Les petits entrepreneurs grecs sont plongés dans une situation délicate par la fermeture des banques décidée dimanche par le gouvernement.

Par  (Patra (Péloponnèse), envoyée spéciale)

Publié le 29 juin 2015 à 23h25, modifié le 30 juin 2015 à 15h02

Temps de Lecture 3 min.

Kostadino a eu « du flair », comme il aime à le souligner. Vendredi 26 juin, alors qu’il devait se rendre à la banque pour provisionner son compte professionnel, ce propriétaire de deux boulangeries à Aegio, dans le nord du Péloponnèse, à une quarantaine de kilomètres de Patra, se ravise au dernier moment. « J’avais un mauvais pressentiment sur la réunion de l’Eurogroupe prévue le lendemain », explique en souriant le trentenaire.
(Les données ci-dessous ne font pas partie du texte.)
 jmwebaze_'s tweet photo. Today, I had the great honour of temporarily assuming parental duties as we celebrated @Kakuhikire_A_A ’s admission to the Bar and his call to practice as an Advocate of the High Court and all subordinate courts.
Il décide alors qu’il attendra le dernier moment pour déposer les fonds nécessaires aux versements de ses taxes et des cotisations salariales (retraites et Sécurité sociale) pour ses quatre employés, prélevées en fin de mois.

L’annonce par le gouvernement, dimanche, de la fermeture des établissements bancaires jusqu’au 6 juillet et de l’instauration d’un contrôle des capitaux — limitant à 60 euros par jour et par personne les retraits d’espèces, afin d’éviter une fuite des capitaux vers l’étranger — lui a donné des « suées ». « Heureusement que j’avais déjà payé mes employés pour le mois », raconte cet ancien membre des jeunesses communistes, aujourd’hui électeur de la formation centriste To Potami (« La Rivière »).

Ce lundi 29 juin, Kostadino sort éreinté d’une journée de négociations pour que ses commerces, hérités il y a trois ans de son père, désormais retraité, puissent être approvisionnés pour la semaine. « Mon fournisseur de farine m’a téléphoné, me disant qu’il pouvait me livrer ce matin et jusqu’au mardi 7 juillet à la condition que je lui verse une somme 50 % supérieure à celle prévue sur ma facture hebdomadaire habituelle. » Ses fours, ajoute-t-il, fonctionnent avec du pétrole qu’il trouve à la station-service la plus proche. « J’ai eu de la chance, le propriétaire m’a prévenu que de nombreuses voitures faisaient la queue pour prendre de l’essence et qu’il voulait bien me mettre le nécessaire de côté, en échange de quelques billets. » Au total, il a dépensé près de 3 000 euros.

« En plus des frais courants pour faire tourner mon entreprise, je suis censé rembourser le prêt contracté il y a une quinzaine d’années par mon père. A cause de multiples retards de paiement, je dois près de 100 000 euros. Or, je ne peux plus honorer cette dette. Je ne gagne pas assez, donc je priorise : les salaires, l’Etat et les taxes, mes fournisseurs… Les banques sont tout en bas de ma liste. » Il touche la même somme que ses quatre employés : 800 euros mensuels avec des horaires décalés. Devra-t-il fermer boutique, se déclarer en faillite ? Le jeune homme craint que dans un tel cas, les banques viennent chercher leur dû sur ses fonds personnels : « Ce n’est pas une option. »

« Semaine du diable »

S’il admet en souriant que la journée de lundi a au moins été bonne en termes de vente, il tempère toutefois : « Les gens n’ont pas acheté plus de pain que de raison. » Allusion explicite aux quelques Grecs qui se sont rués dans les supermarchés en ce début de semaine pour faire des provisions. Une réaction aussi irrationnelle, selon Kostadino, que les scènes de « chasse aux distributeurs » observées ces derniers jours dans plusieurs villes du pays. Il comprend en revanche les queues observées çà et là dans les stations-service, admettant même, qu’une fois n’est pas coutume, l’aiguille de la jauge d’essence de sa voiture flirte avec les sommets. « Une mesure mise en place l’an dernier impose que les gérants de ce type de structures paient leur approvisionnement par le biais des banques, d’où la crainte des consommateurs, justifie-t-il. A Aegio, les pompes sont restées vides deux ou trois heures, ce qui a suffi pour que le mouvement de panique s’estompe. »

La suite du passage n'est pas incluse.